WHAT NEEDS TO BE DONE:
Each line from the start of the listing below through the line containing "Kameny Pódium Béžovém" should be reproduced exactly, with no others.

DATA FOR ANALYSIS:

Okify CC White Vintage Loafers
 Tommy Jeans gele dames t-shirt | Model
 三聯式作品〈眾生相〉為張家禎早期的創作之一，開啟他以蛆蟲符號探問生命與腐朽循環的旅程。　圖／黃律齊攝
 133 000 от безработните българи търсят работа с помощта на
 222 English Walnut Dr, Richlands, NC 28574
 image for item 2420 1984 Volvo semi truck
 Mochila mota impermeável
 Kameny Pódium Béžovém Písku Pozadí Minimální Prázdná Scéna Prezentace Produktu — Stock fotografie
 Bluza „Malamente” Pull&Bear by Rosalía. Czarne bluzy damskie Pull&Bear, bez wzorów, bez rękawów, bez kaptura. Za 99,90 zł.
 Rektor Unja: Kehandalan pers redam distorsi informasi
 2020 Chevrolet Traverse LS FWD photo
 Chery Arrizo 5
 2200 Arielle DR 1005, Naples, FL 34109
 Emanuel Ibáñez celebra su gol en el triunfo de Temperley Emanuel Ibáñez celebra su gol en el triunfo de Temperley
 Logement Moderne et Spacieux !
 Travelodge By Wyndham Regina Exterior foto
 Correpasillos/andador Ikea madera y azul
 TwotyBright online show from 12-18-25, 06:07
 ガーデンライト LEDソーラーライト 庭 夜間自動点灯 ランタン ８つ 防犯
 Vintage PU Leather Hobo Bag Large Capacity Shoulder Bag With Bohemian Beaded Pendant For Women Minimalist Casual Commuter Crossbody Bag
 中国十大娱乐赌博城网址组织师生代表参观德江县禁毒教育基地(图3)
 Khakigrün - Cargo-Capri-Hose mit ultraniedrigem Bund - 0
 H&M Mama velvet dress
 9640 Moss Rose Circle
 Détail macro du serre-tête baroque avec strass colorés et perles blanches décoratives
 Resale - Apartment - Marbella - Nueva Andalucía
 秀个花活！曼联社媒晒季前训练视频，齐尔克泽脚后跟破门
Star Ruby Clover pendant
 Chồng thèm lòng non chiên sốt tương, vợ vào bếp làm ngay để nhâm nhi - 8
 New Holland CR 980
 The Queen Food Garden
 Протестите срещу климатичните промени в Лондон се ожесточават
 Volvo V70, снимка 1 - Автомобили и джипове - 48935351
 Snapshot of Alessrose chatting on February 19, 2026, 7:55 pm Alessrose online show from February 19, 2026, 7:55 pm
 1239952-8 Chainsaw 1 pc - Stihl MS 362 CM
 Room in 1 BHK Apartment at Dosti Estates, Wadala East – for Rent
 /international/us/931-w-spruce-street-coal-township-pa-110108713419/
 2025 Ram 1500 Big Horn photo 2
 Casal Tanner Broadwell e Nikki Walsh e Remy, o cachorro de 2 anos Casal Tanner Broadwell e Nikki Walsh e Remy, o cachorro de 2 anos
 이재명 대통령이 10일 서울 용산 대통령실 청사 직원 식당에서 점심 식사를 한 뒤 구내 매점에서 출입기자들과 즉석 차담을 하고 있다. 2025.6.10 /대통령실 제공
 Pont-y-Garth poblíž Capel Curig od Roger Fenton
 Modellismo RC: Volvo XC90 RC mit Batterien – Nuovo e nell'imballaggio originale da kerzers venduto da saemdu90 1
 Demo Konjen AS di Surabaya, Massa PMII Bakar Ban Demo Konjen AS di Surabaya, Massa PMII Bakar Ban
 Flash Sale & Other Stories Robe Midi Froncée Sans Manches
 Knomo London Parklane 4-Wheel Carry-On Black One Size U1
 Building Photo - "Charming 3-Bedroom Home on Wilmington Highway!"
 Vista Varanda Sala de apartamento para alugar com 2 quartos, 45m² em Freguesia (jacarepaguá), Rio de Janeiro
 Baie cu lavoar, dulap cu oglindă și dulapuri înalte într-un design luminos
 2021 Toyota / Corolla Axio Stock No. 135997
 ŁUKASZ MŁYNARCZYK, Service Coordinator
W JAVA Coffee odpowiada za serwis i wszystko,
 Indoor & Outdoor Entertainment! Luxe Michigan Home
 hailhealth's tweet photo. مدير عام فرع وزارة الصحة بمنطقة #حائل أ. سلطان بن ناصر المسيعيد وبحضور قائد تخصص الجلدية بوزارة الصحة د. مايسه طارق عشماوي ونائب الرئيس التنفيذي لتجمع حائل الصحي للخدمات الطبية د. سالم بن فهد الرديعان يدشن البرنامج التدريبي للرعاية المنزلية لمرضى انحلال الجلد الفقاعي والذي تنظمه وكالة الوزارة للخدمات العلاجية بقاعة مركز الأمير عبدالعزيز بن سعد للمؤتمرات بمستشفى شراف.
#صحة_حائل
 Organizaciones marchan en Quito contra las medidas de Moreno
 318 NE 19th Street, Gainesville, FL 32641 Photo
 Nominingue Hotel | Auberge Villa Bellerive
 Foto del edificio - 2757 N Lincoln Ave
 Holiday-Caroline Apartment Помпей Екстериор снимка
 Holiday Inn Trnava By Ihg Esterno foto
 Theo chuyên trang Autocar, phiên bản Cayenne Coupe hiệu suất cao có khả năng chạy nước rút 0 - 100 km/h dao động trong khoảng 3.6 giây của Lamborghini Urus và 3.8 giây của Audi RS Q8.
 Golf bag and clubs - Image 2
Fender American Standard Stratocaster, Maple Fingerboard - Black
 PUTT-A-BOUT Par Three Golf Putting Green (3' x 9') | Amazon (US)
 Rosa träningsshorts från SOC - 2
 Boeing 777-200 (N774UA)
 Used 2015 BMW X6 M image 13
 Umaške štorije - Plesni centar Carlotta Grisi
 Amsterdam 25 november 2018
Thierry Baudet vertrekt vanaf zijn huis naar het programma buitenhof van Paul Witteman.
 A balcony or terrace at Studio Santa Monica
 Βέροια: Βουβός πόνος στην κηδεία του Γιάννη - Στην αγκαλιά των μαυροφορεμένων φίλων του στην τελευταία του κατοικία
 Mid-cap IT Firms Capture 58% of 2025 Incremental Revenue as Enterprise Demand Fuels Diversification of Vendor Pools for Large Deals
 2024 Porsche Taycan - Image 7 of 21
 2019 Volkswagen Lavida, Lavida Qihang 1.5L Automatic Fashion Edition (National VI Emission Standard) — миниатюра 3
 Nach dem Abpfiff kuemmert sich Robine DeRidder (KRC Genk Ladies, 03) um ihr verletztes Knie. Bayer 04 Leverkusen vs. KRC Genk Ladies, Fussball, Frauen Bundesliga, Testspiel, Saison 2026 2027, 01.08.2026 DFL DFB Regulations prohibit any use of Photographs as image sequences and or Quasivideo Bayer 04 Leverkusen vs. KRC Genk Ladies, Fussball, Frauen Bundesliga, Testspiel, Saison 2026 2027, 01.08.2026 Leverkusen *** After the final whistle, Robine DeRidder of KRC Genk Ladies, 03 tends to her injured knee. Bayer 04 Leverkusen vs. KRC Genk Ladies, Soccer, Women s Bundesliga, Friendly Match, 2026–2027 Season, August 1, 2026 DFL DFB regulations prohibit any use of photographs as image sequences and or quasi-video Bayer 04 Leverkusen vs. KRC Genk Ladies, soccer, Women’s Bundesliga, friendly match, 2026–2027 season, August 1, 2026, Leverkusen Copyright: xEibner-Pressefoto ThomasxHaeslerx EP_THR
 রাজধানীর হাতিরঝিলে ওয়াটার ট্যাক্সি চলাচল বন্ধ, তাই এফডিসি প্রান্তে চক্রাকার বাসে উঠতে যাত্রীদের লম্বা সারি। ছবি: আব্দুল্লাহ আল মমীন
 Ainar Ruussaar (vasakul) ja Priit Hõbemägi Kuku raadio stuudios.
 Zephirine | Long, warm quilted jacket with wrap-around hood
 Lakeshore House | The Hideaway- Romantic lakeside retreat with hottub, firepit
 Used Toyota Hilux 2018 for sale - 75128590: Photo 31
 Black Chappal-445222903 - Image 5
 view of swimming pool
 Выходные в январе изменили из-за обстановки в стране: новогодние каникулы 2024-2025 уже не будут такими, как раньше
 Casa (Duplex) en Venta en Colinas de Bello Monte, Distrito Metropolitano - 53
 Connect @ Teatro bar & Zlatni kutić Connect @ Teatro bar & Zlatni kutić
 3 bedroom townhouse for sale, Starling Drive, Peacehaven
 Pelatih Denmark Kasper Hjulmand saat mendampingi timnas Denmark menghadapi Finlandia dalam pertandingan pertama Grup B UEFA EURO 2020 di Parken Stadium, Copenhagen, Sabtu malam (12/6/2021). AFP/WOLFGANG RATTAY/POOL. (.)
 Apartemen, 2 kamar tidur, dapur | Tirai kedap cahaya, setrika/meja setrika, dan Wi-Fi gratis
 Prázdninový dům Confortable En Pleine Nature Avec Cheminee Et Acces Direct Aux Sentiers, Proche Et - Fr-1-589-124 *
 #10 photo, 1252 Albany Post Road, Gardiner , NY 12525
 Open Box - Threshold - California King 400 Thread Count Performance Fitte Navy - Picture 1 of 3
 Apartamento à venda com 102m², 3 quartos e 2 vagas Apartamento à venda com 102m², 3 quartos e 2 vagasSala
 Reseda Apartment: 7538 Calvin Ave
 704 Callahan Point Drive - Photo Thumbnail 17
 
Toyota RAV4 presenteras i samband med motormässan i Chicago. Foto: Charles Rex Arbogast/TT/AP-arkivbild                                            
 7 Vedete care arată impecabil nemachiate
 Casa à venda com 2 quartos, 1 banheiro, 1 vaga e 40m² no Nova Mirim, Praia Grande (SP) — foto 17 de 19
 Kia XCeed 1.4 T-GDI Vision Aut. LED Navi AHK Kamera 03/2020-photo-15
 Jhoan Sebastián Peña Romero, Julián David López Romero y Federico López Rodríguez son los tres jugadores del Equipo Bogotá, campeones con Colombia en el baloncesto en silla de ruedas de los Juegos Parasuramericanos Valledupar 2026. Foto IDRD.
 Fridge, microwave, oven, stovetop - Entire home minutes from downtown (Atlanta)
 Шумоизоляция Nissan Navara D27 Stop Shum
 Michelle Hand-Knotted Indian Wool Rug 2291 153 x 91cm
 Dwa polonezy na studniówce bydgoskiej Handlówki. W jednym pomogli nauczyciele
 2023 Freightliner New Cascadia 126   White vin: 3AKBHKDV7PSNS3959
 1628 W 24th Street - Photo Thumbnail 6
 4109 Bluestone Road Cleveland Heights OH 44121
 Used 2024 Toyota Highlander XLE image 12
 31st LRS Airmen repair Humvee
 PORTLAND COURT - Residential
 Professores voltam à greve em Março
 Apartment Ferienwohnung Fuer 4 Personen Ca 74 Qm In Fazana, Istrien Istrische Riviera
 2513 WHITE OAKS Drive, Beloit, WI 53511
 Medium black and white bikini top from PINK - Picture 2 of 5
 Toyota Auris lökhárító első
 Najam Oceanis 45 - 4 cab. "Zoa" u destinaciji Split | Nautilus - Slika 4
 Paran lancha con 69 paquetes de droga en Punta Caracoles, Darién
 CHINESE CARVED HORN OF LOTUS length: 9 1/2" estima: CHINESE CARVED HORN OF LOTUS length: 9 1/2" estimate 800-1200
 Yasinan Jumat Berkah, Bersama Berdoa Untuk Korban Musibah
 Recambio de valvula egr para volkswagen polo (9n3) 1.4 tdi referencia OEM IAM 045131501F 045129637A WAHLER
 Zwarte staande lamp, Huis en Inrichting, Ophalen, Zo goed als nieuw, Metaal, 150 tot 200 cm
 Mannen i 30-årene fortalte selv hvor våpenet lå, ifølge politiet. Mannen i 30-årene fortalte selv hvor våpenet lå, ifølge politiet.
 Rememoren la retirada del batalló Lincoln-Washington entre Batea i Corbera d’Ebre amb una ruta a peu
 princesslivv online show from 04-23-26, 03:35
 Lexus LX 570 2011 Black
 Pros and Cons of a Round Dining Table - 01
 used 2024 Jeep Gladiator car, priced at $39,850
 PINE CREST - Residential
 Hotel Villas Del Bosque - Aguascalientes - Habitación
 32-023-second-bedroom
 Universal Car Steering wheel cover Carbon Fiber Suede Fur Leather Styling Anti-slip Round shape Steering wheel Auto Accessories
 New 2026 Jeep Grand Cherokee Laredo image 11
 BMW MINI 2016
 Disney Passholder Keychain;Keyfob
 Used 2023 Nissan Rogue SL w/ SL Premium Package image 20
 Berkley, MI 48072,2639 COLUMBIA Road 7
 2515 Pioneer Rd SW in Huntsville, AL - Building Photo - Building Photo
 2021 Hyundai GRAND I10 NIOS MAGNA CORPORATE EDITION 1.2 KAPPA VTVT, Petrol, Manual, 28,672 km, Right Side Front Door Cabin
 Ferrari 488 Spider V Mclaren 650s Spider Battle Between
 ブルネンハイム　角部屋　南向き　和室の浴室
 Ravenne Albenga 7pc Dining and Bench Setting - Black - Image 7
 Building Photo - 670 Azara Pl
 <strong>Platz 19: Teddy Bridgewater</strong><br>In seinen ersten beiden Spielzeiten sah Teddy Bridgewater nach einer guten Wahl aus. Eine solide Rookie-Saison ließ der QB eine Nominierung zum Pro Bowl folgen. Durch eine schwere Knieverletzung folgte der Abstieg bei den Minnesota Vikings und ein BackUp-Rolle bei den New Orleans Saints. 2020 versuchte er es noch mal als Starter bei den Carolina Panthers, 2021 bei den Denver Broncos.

EXPECTED ANSWER:
Okify CC White Vintage Loafers
 Tommy Jeans gele dames t-shirt | Model
 三聯式作品〈眾生相〉為張家禎早期的創作之一，開啟他以蛆蟲符號探問生命與腐朽循環的旅程。　圖／黃律齊攝
 133 000 от безработните българи търсят работа с помощта на
 222 English Walnut Dr, Richlands, NC 28574
 image for item 2420 1984 Volvo semi truck
 Mochila mota impermeável
 Kameny Pódium Béžovém Písku Pozadí Minimální Prázdná Scéna Prezentace Produktu — Stock fotografie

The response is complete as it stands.